▶ [What you are asked to do]:
The answer should hold only the lines from the beginning of the listing below to the line containing "It's easy to", both included, with every picture left out.

▶ [Material provided]:
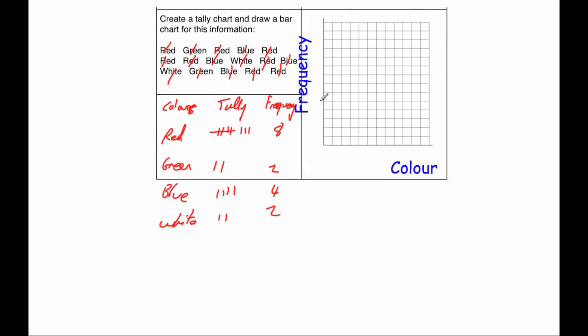So we're going to draw a bar chart now, so our bar chart, we're going to put our colours down on the horizontal axis, so that's going to be red, so I'm going to do two squares and a gap of 1, next green, so that's going to be there, leaving a gap of 1, blue will be there, leaving a gap of 1, and white will be there. Now get a ruler and pencil, and our frequency, our frequency needs to go up to 8, so 0, 1, 2, 3, 4, 5, 6, 7, 8.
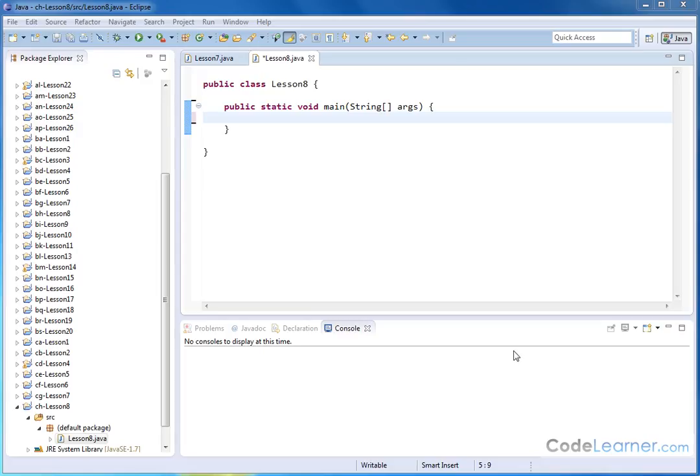Hello, welcome to lesson eight of Mastering Java. I'm Jason again.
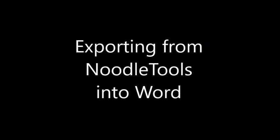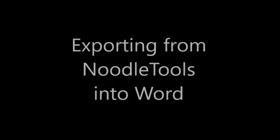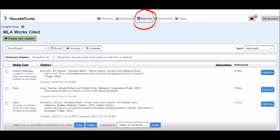It's easy to export your Works Cited from NoodleTools into Microsoft Word. First, make sure that you are in your Sources tab and can see your Works Cited.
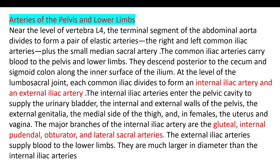The right and left common iliac arteries arise from the descending aorta. Arteries of the pelvis and lower limbs originate near the level of lumbar vertebra 4 (L4).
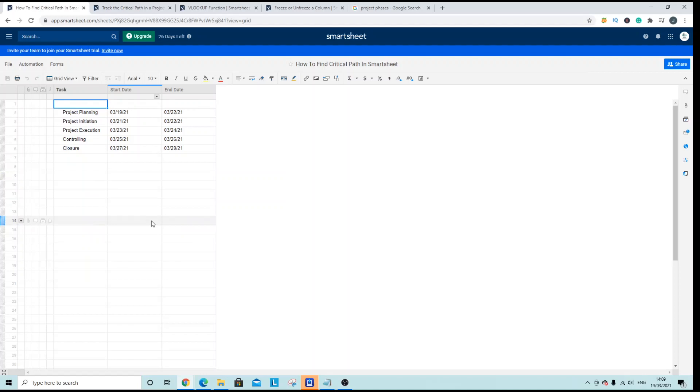Welcome to this Smartsheet tutorial. Today we are going to be looking at how you can find the critical path in a project in Smartsheet.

▶ [Result for this task]:
So we're going to draw a bar chart now, so our bar chart, we're going to put our colours down on the horizontal axis, so that's going to be red, so I'm going to do two squares and a gap of 1, next green, so that's going to be there, leaving a gap of 1, blue will be there, leaving a gap of 1, and white will be there. Now get a ruler and pencil, and our frequency, our frequency needs to go up to 8, so 0, 1, 2, 3, 4, 5, 6, 7, 8.
Hello, welcome to lesson eight of Mastering Java. I'm Jason again.
It's easy to export your Works Cited from NoodleTools into Microsoft Word. First, make sure that you are in your Sources tab and can see your Works Cited.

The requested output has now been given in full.